我们再去巩家坞,再向西就是章丘地界了。当时,我认为巩家坞属于偏僻的山村,应该没见过我们这样的好甜瓜。结果事与愿违,不知道是他们手里没钱还是不稀罕我们的瓜,讨价还价,压得价格很低。当时我就想,我们这么好的甜瓜,便宜卖给你们,还不如回家卖给社员呢。
就这样,我是贱了不卖,人家是贵了不买。也没卖了几个瓜,就推起瓜车径直回村了。到了我们生产队的大街上,我就使劲吆喝“卖瓜唻!”社员一听是我的声音,就纷纷出来买瓜了。因为平时买瓜要到瓜田里去,至少也得半里路,这回送到家门口来了,为啥不买?还有价格,比着去瓜田里买还便宜,更有吸引力。我也不多要钱,就按巩家坞村人还价我不卖的价格卖给社员,不大一会儿就卖光了。便宜不出外嘛,惬意得很。
卖完了瓜,和英姐去出纳员那里交账。出纳员按照瓜田里过秤的斤两,用算盘子一拔拉,大约比着往常少卖两三元钱,也没说什么。
我们交了账就各自回家了。
(二)
自我初中毕业后,对男男女女的事似乎也开了窍。自从我和英姐那次卖瓜之后,就对她有了好感。英姐的身材不高不矮不胖不瘦,特别是她那银铃般的笑声,就行磁铁一样吸引着我,慢慢地就有了捕获她的想法。但是队长再也不安排我卖瓜了,而英姐却经常被队长安排和别人去卖瓜,心里那个悔啊,就想着“有机会要上,没有机会创造机会也要上”。

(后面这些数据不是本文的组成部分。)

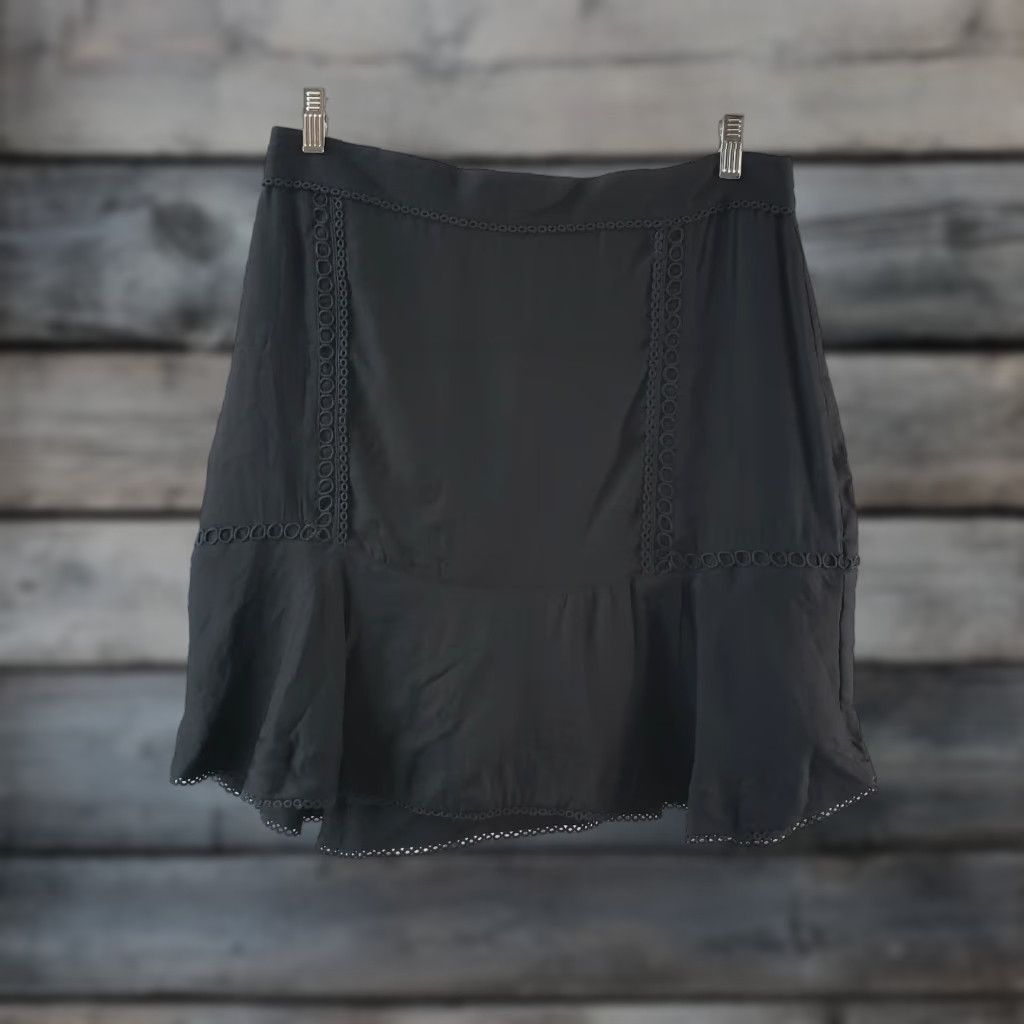 Ann Taylor Ann Taylor Womens Skirt Sz 12 Black Crochet Lace Viscose Blend Zips Size 34" / US 12 / IT 48 - 1 Thumbnail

有一次,我负责在大井上看水泵浇地,只要推上电把子就没多少事了,当然也不能走远了,因为也有许多事要做。比如一会儿要看看井里的水,不能抽干了。抽干了就会进空气,进了空气就抽不上水来了,需要给水泵放气才行,很麻烦的。如果是掉了“引水”,就得重新灌“引水”,这个要费力气,一个人还不好干。还有给电机带动水泵的传送带擦油,这是个危险活,弄不好就会划破手,甚至胳膊被卷到飞转的传送带里,有生命危险的。
英姐负责浇地,而且那地就在扬水池附近,感谢队长又给了我一次机会,我可得把握住。一会儿,英姐改好一畦子小麦,让水静静地流进去,需要20多分钟才能到头呢。趁这个时间空儿,英姐来到杨水池顺便洗一件衣服。见状,我就把自己身上穿的汗渍渍的褂子脱下来,凑合到英姐跟前洗褂子。英姐见我笨手笨脚不会洗,就笑着说我给你一块洗了吧。目的达到了,心里美得很。我坐在英姐对面,看着她给我洗衣服,看着她腮上的一对小酒窝,越看越喜欢。
不几天,这事不知道咋让母亲知道了,就问英姐为啥给我洗衣服?我张口结舌回答不出来,还赚了个大红脸。
(三)
我们生产队里有块地,叫长申地,很长很长的,据说用双腿耩子耩地的时候,一个来回就是一亩。不过要去长申地干活,就得爬上一个大崖(yai)头。在这个崖头半截腰里,有一座姑子坟,天长日久,姑子的白骨就散落在那里,大闺女小媳妇的一个人根本不敢从那里走。这个大崖头就叫做“姑子崖”。姑子崖很长也很陡,推车子上去需要人或牛拉车才行。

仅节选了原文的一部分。